[Image-caption web data]
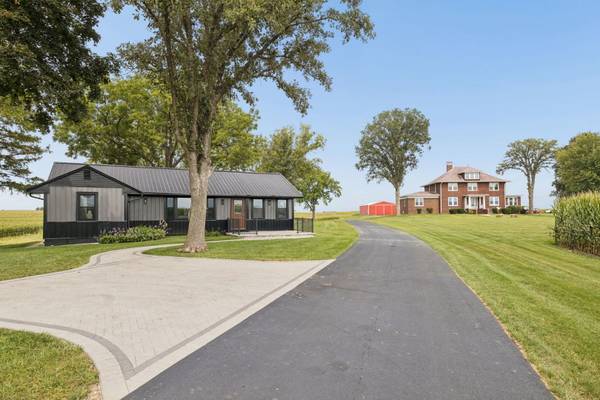 751 N 3150 RD, Utica, IL 61373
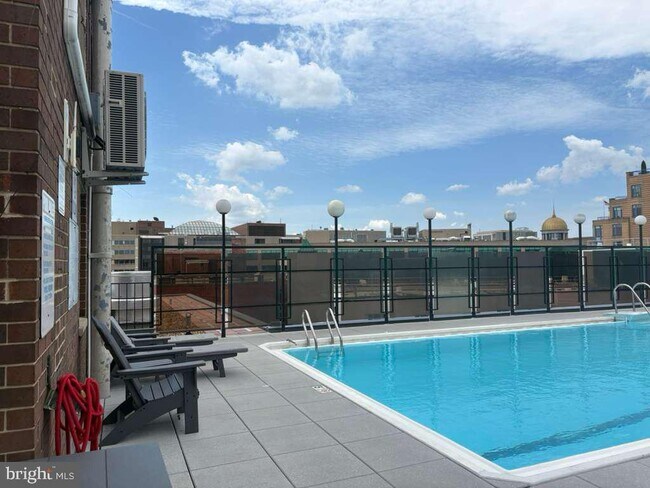 Photo - 1420 N St NW Unit 1010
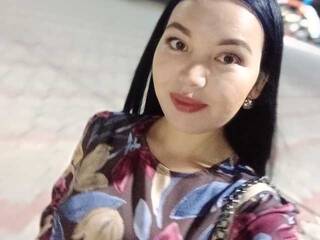 Erotik görüntülü sohbet LynnMonica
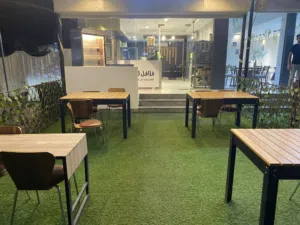مطعم مع جميع معدات للبيع Restaurant for sale with equipment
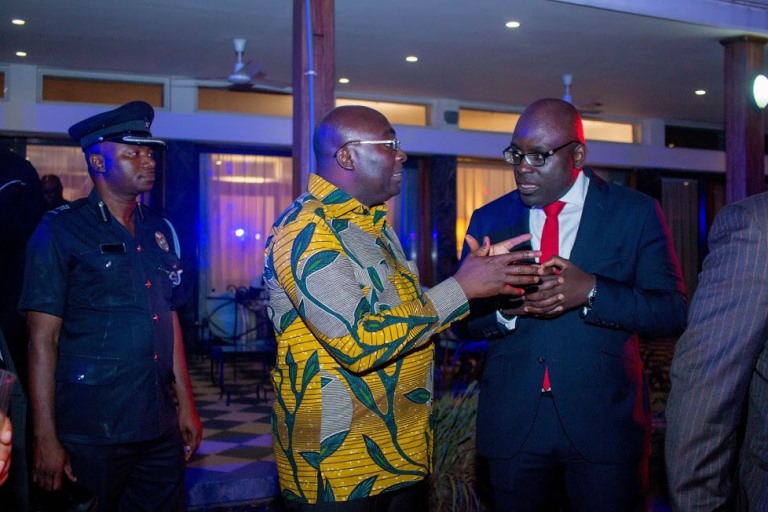 vice-president-of-ghana-dr-mahamadu-bawumia-interacting-with-tony-burkson-president-of-the-ukgcc-at-a-cocktail-event-to-mark-ukgccs-1st-anniv-1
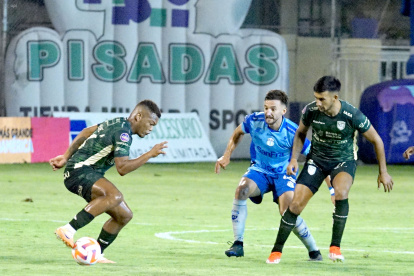 Orense y Macará serán protagonistas en el repechaje de la Copa Sudamericana 2026.
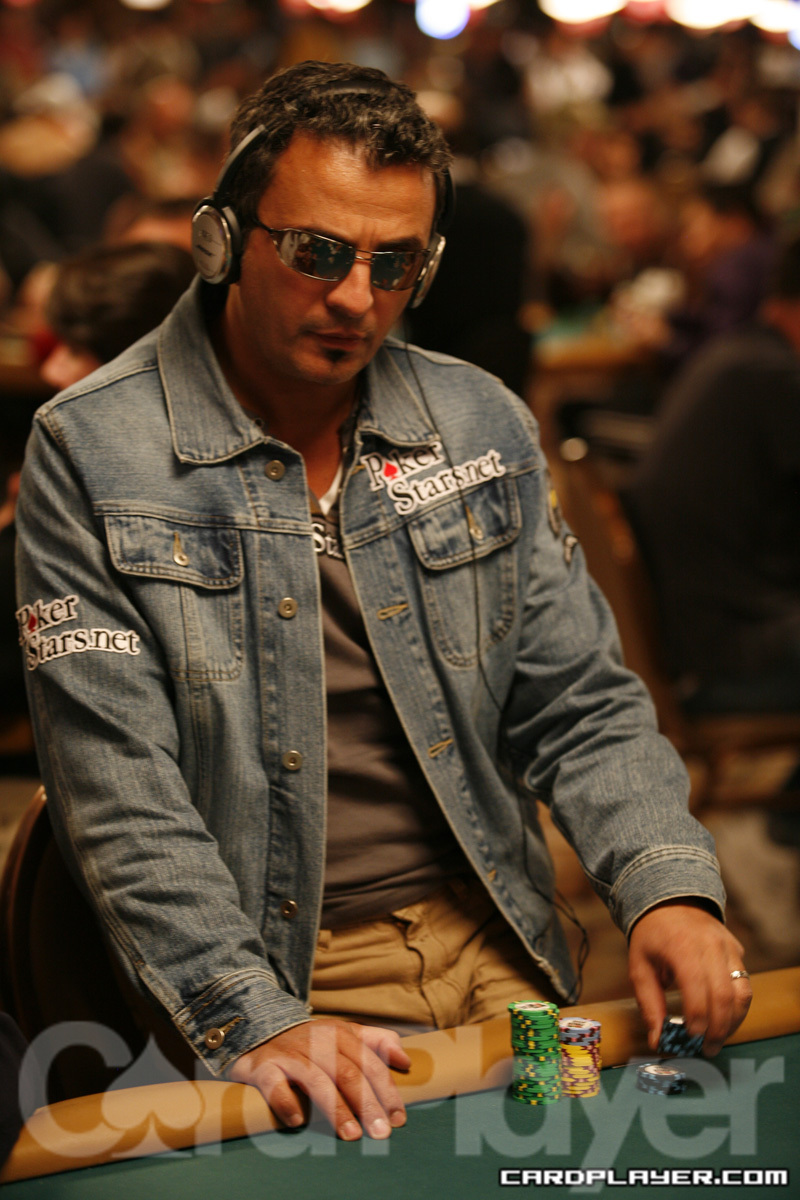 1747754236_original_JoeHachem_WSOP_EV45_Day1.jpg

Work request:
Could you set down every record above word for word, leaving out the pictures?

Finished task:
 751 N 3150 RD, Utica, IL 61373
 Photo - 1420 N St NW Unit 1010
 Erotik görüntülü sohbet LynnMonica
مطعم مع جميع معدات للبيع Restaurant for sale with equipment
 vice-president-of-ghana-dr-mahamadu-bawumia-interacting-with-tony-burkson-president-of-the-ukgcc-at-a-cocktail-event-to-mark-ukgccs-1st-anniv-1
 Orense y Macará serán protagonistas en el repechaje de la Copa Sudamericana 2026.
 1747754236_original_JoeHachem_WSOP_EV45_Day1.jpg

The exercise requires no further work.